The non-military options have been used as well, and they include abeyance of the Indus Waters Treaty, closure of the integrated check post Attari, travel ban on Pakistani nationals under the SAARC Visa Exemption Scheme (SVES), staff reduction in the High Commission, suspension of visa services, and suspension of all symbolisms during the Retreat Ceremony at Attari, Hussainiwala, and Sadki in Punjab.
Economic and diplomatic coercions have been rolled out to test Pakistani grit. Psychological war has already started with the abeyance of the Indus Waters Treaty. Therefore, weaponising water or choking Pakistan through riverine disconnect will hurt its Achilles' Heels and stir more unrest in Pakistan. It can be an effective recipe for Pakistan's balkanisation.

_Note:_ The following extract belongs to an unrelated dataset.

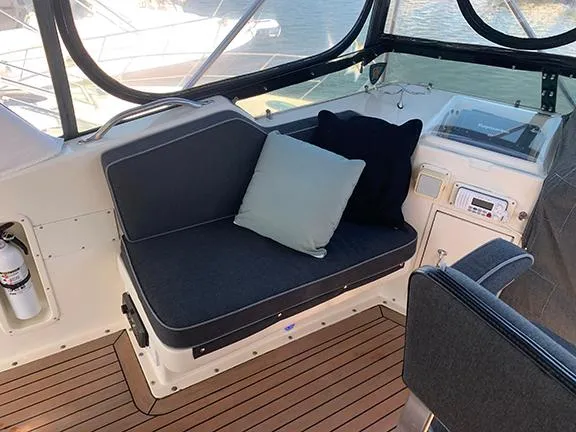 Slide: The Image of Interior seating area of 1991 Hatteras 40 Motor Yacht with cushions and wooden flooring. - 24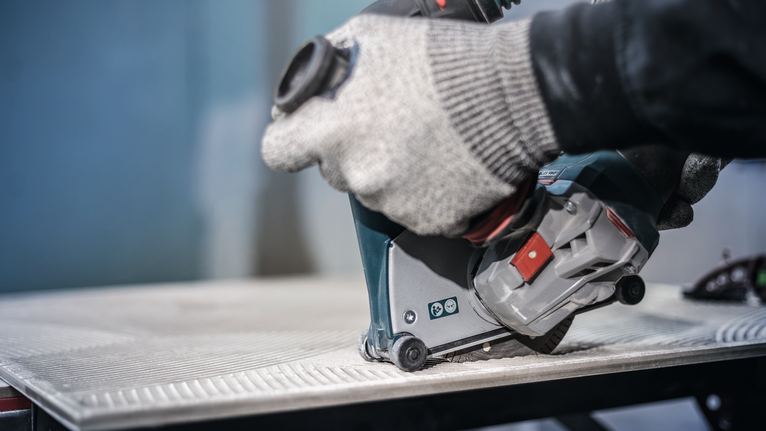 Orang yang mengenakan peralatan keselamatan menggunakan alat listrik untuk memotong ubin.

India has the capacity, and it can push more infrastructure into the Indus water systems to inflict a water war on Pakistan. Since its inception in 1960, the Indus Waters Treaty has never been weaponised. Pakistan's unrestrained terror sponsorship since Partition has forced India to hit back. It will be very different this time. Pakistan has crossed all limits. The Pahalgam massacre was the tipping point. Its demonstrative religious overtones have surpassed all thresholds of restraint. Retribution is the only corollary. Islamabad must be taught a lesson in the language that it understands well. Water war will hit Pakistan harder.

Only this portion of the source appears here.